Saving money in the fast-paced UAE lifestyle can be a struggle. Rents are amongst some of the highest in the world, and the cost of living has spiraled over the last decade. That said, with tax free salaries and a sensible approach to your money, it is possible to start saving for future investments like education, weddings, getting on the property ladder or eventual retirement. As a general rule, try to save at least 10-20% of your monthly income each month.
Standard savings accounts generally offer a very low rate of around 0.25% interest, but banks will set up high yield Saver Accounts as long as you meet several criteria. You’ll need to ensure your account has a minimum balance of at least AED 3,000 while some will ask for as much as AED 50,000. Banks will then offer you premiums of 2.25% and above but the more flexible the account, the less interest you’ll be offered. There may well be limits on how often – if at all – you can withdraw from the account, and penalties if you don’t follow through with your payment schedule or dip below the minimum balance.

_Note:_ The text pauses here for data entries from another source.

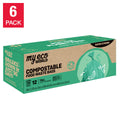 🌎 MyEcoWorld® 13-Gallon Compostable Food Waste Bags – Sustainable 72-Pack
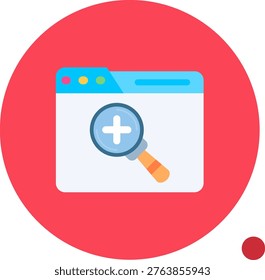 Zoom in Line vector Icon Design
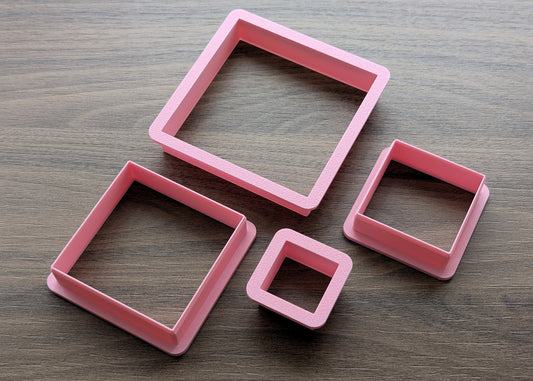 Squares Cookie/Fondant Cutters - 4pcs (3cm, 5cm, 7cm & 9cm)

Contributions can be made on a monthly, quarterly or annual basis, as well as in the form of a single payment. The earlier you start saving, the higher the compound interest, and therefore the greater the investment. End payments can then be collected in a lump sum, or if you’re saving for higher education, spread across a three-four year period to pay for tuition fees.
Before signing up for a savings account, think about where you might be living in a few years? Perhaps a portable bank account would be better for your needs, or an offshore account.
As always, before deciding on which savings account to opt for, compare all of the options available to you.